:: Records provided

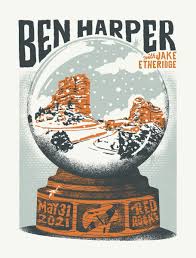 Ben harperpower of the gospelfight for your mind Ben Harper Benharper Twitter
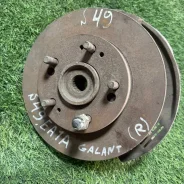 ������� Mitsubishi Galant MR316451 EA1A, �������� ������ MR316451 ����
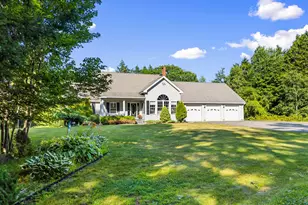 79 Beaver Pond Rd, Topsham, ME 04086 - Photo 3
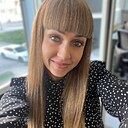 Знакомства: Елена, 37 лет, Витебск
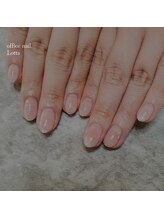ロッタ(Lotta)/design♪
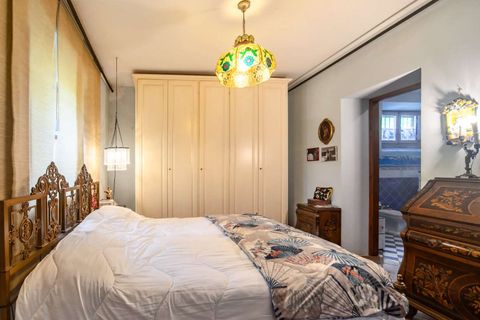 Villa - Florence, Florence, Florence - € 1 290 000 | Réf : ILV93270-1411645 - photo 6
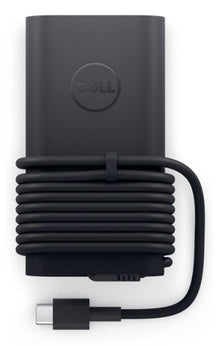 CARGADOR ORIGINAL DELL 100W / 20V / 5A / TIPO C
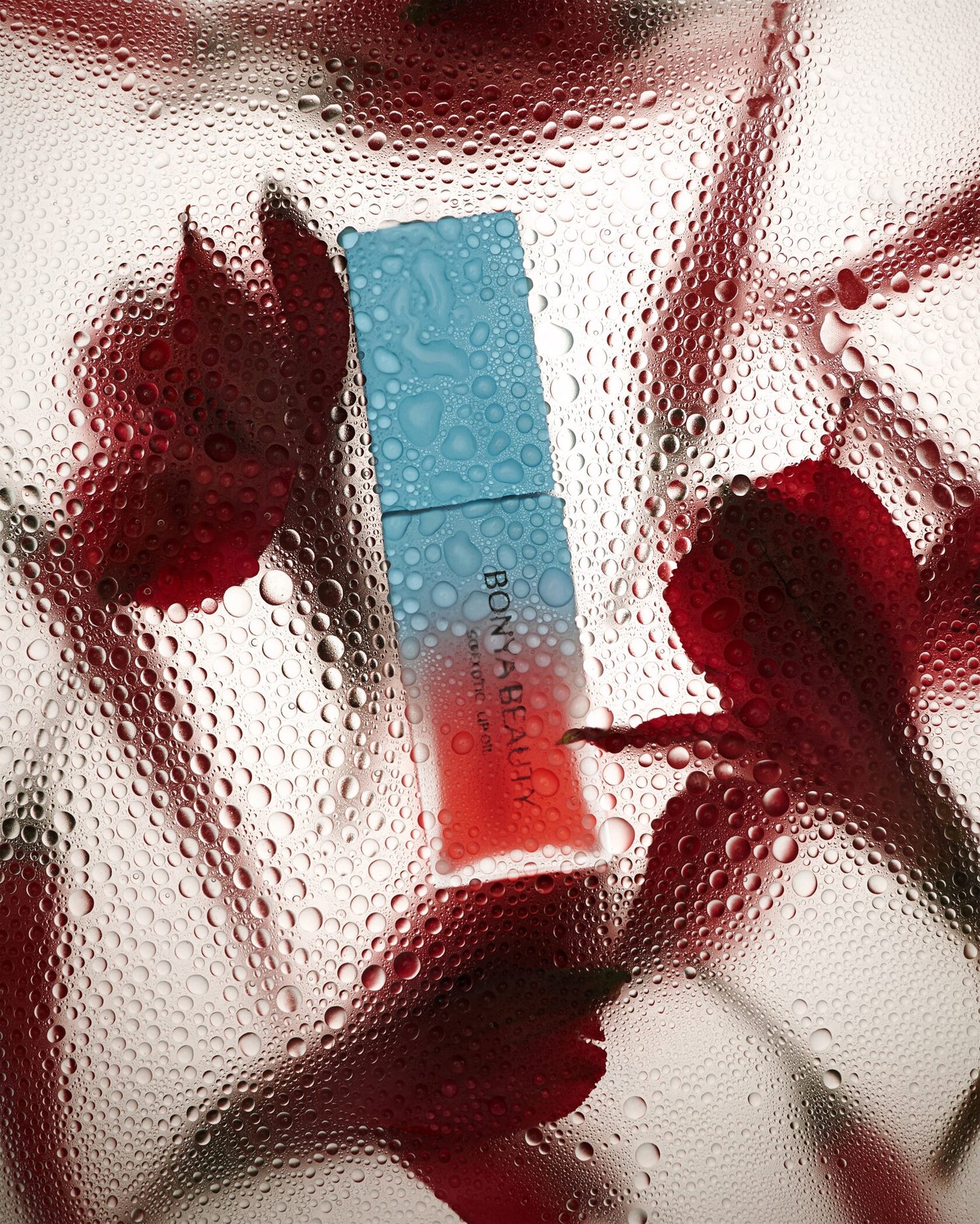 Lip Oil SO EXOTIC - Image 3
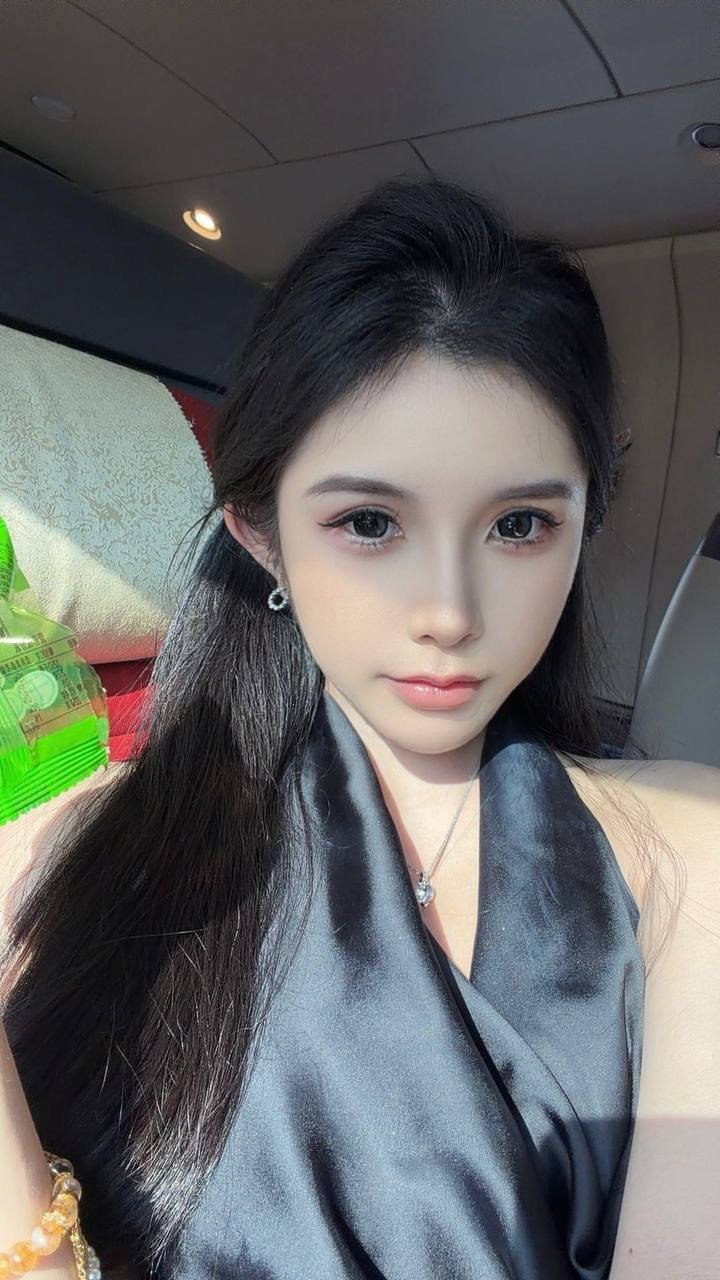 G983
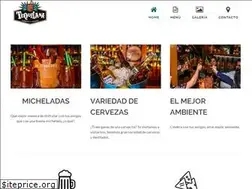 Sites similar to tequilana.com.mx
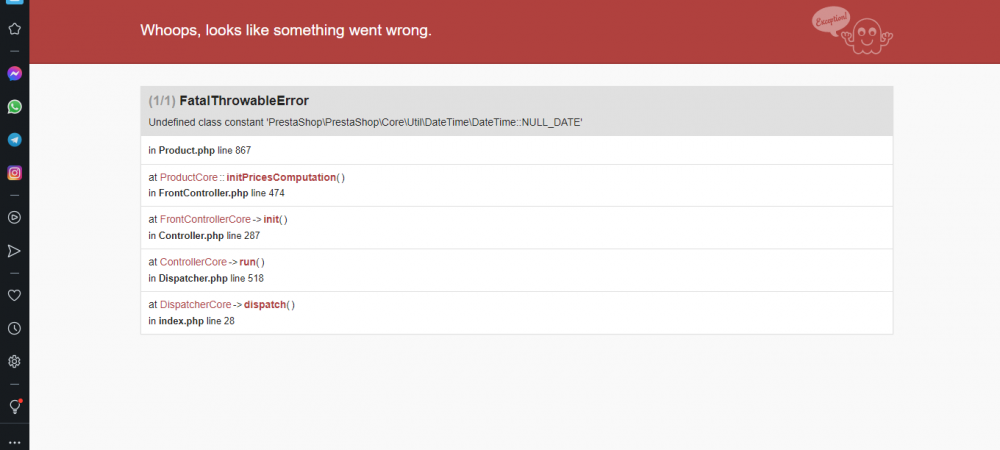 Capture d’écran (5).png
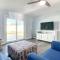Bikini Bottom Duplex with Pool ~ 2 Minutes from Beach Flagler Avenue - نيو سميرنا بيتش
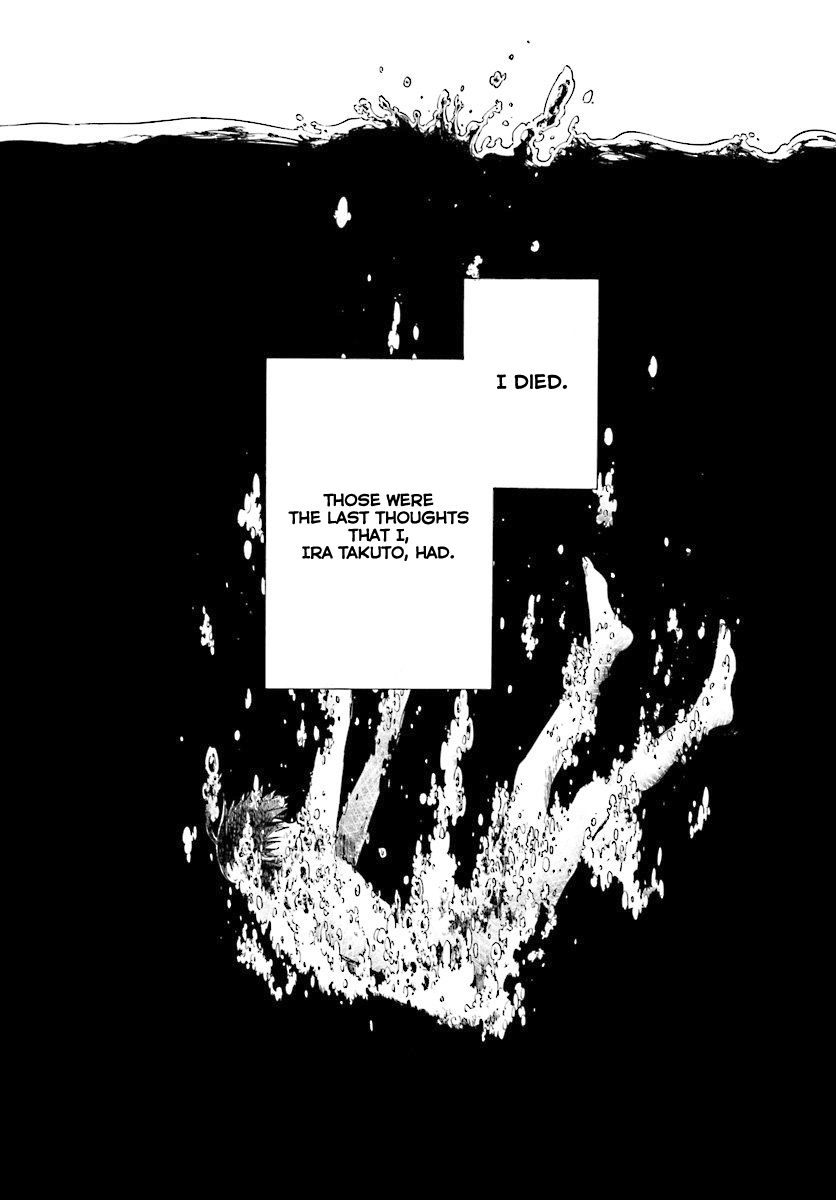 Read Apocalypse Bringer Mynoghra World Conquest Starts with the Civilization of Ruin Manga Online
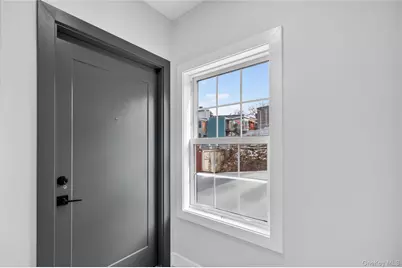 10 Market Street #F, Wappingers Falls, NY 12590 - Photo 13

::::

* Exercise goal *
Take the line with "Read Apocalypse Bringer" and each line after it through the end of the material above, and reproduce them exactly, without the pictures.

* Result below *
 Read Apocalypse Bringer Mynoghra World Conquest Starts with the Civilization of Ruin Manga Online
 10 Market Street #F, Wappingers Falls, NY 12590 - Photo 13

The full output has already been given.